# Instructions to follow
Once you find the line with "NAHAS: Sepeda motor" in the data below, transcribe exactly each line from there to the line with "Snapshot of jjulietha95", inclusive, and nothing else. Drop the pictures.

-- Data for this exercise follows --

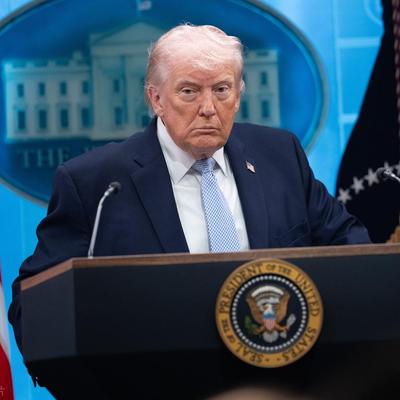 半亩娱光：藏不住了！特朗普的真实目的彻底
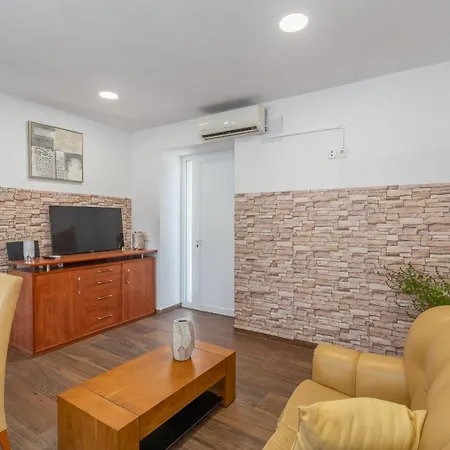 Casa Dognas With Private Pool & Garden - Castelo De Paiva, By Hopstays Castelo de Paiva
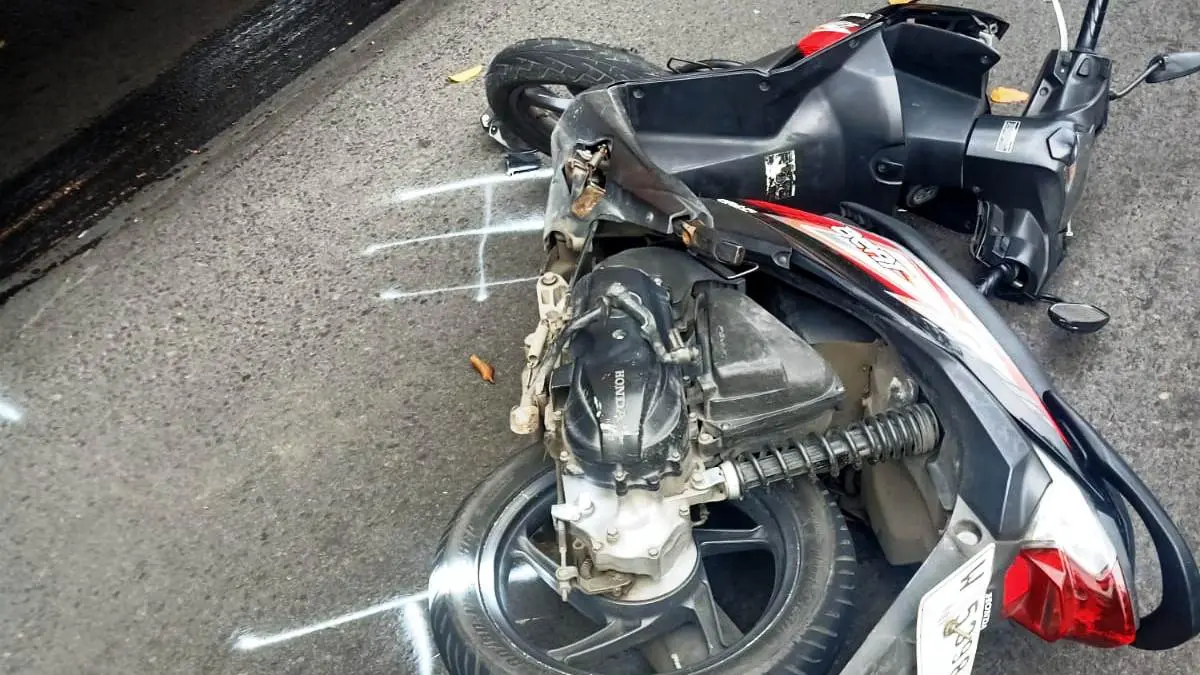 NAHAS: Sepeda motor korban sesaat sebelum dievakuasi di Jalan Raya Taman, Sidoarjo.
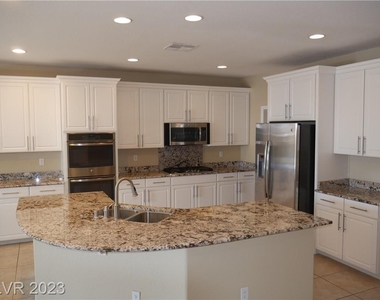 7259 Lavender Rose Avenue - Photo Thumbnail 5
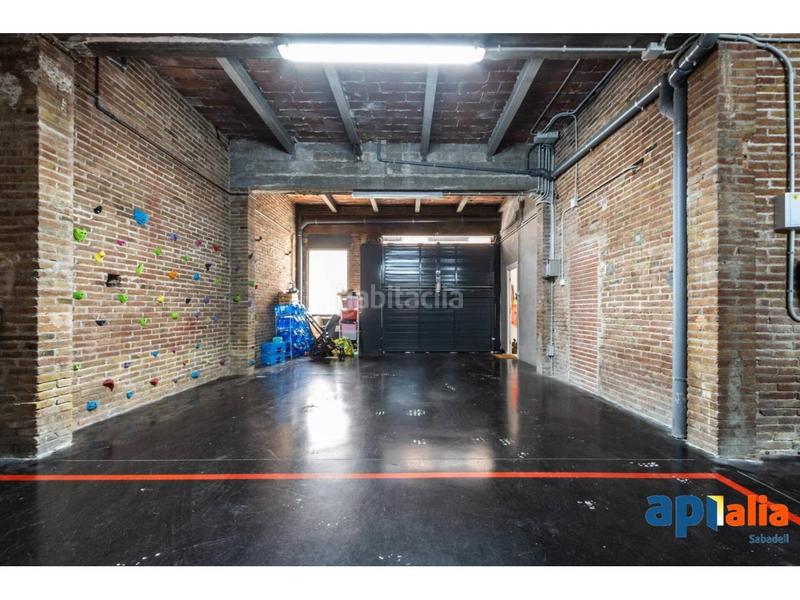 Foto 64d3358e-a909-4e94-aac9-bf9fe95d19eb. Casa amb calefacció aparcament a Centre Sabadell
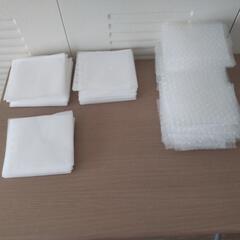 不織布CDケース73枚とオマケのプチプチ。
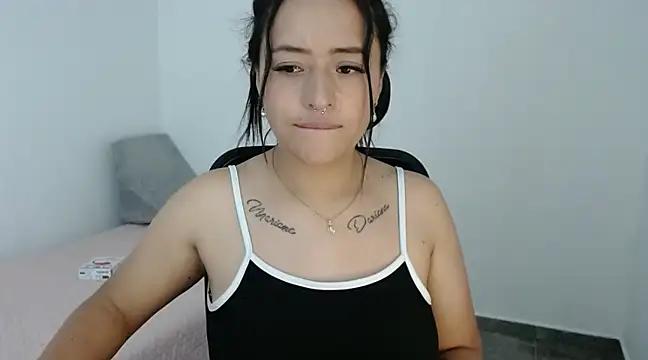 Snapshot of jjulietha95 chatting on December 2024 06:11:02 AM jjulietha95 online show from December 2024 06:11:02 AM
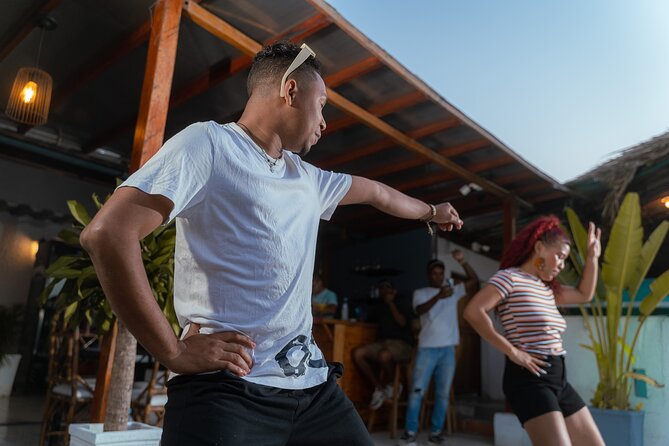 Champeta with us, it's a vibe - The rooftop setting: views, energy, and why timing matters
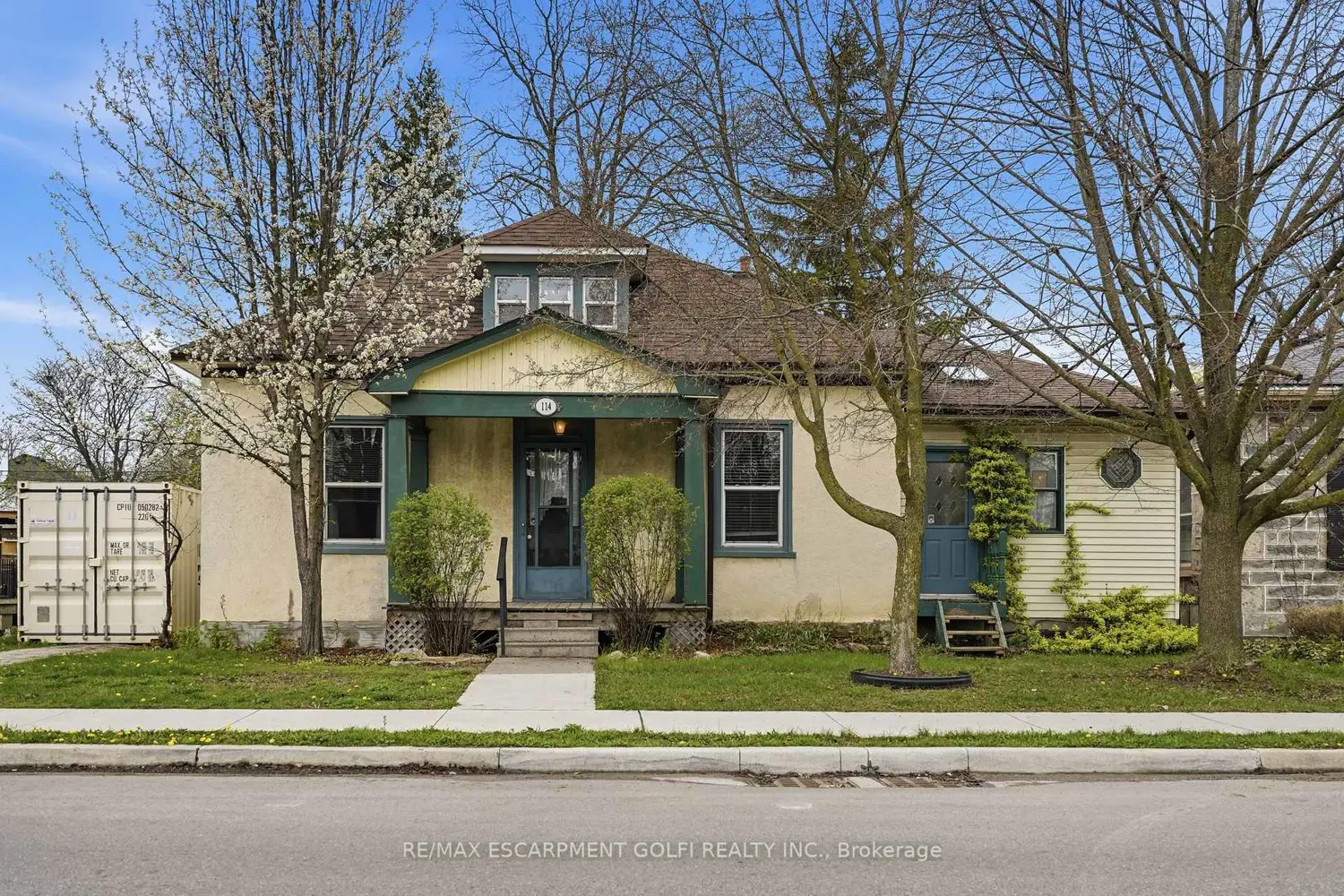 114 Grand Avenue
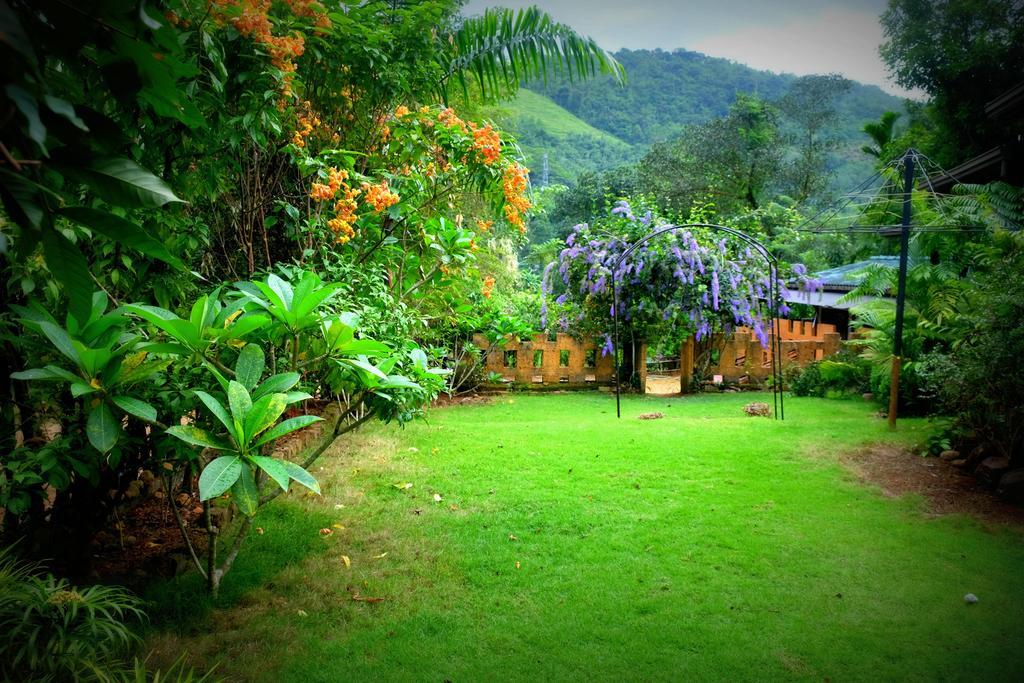 Sapphire Holiday Resort Ratnapura Exteriör bild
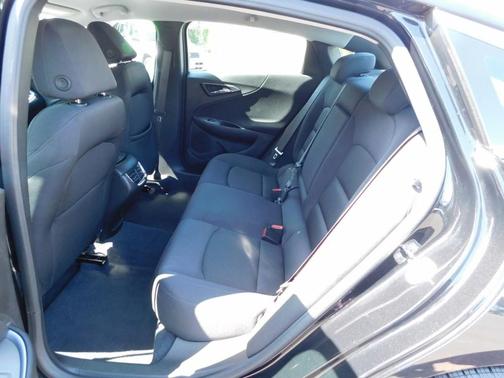 Mosaic Black Metallic 2024 Chevrolet Malibu FWD 1LT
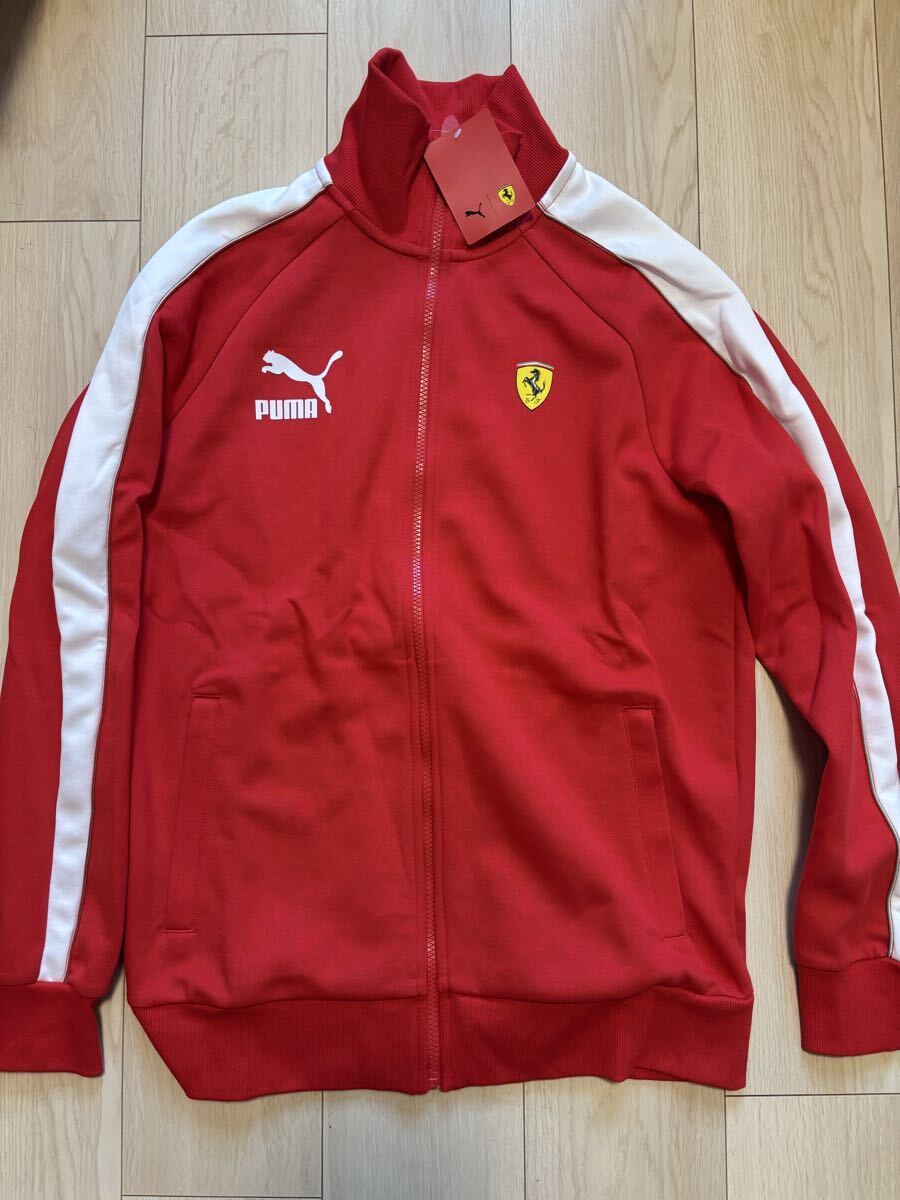 FERRARI 刺繍ロゴ入りデザインジャンパー　 新品未使用品　Mサイズ FERRARI NEW EMBROIDERED COMPANY IRON ON JACKET NAME PATCH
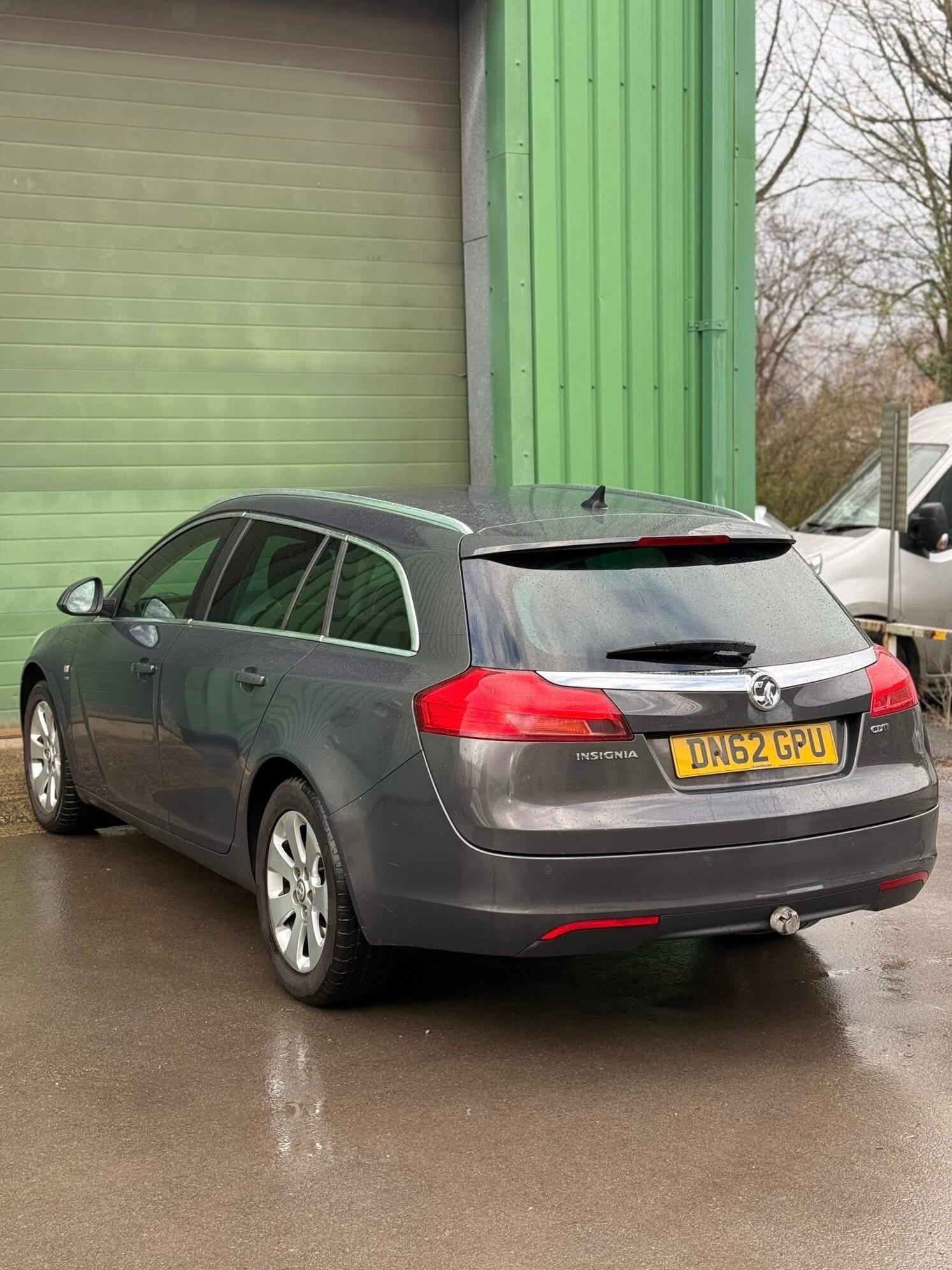 Used Vauxhall Insignia 2012 for sale - 77633648: Photo 4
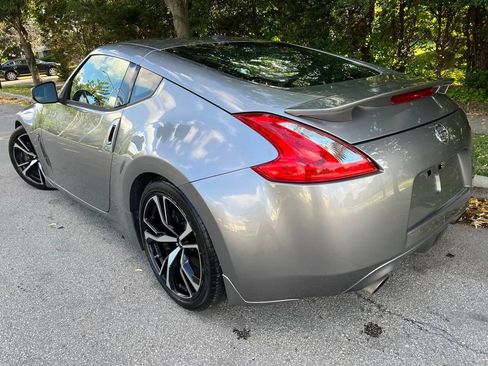 Used 2009 Nissan 370Z Touring w/ Sport Pkg image 6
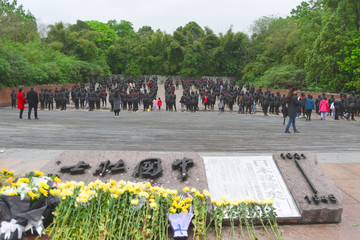 中国壮士群雕广场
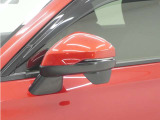 ◆ドアミラーウインカー◆ドアミラーにウインカーを装備しています。対向車に自身の進行方向を合図し安全に運転できます。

-- Data for this exercise concluded --

# Output
 NAHAS: Sepeda motor korban sesaat sebelum dievakuasi di Jalan Raya Taman, Sidoarjo.
 7259 Lavender Rose Avenue - Photo Thumbnail 5
 Foto 64d3358e-a909-4e94-aac9-bf9fe95d19eb. Casa amb calefacció aparcament a Centre Sabadell
 不織布CDケース73枚とオマケのプチプチ。
 Snapshot of jjulietha95 chatting on December 2024 06:11:02 AM jjulietha95 online show from December 2024 06:11:02 AM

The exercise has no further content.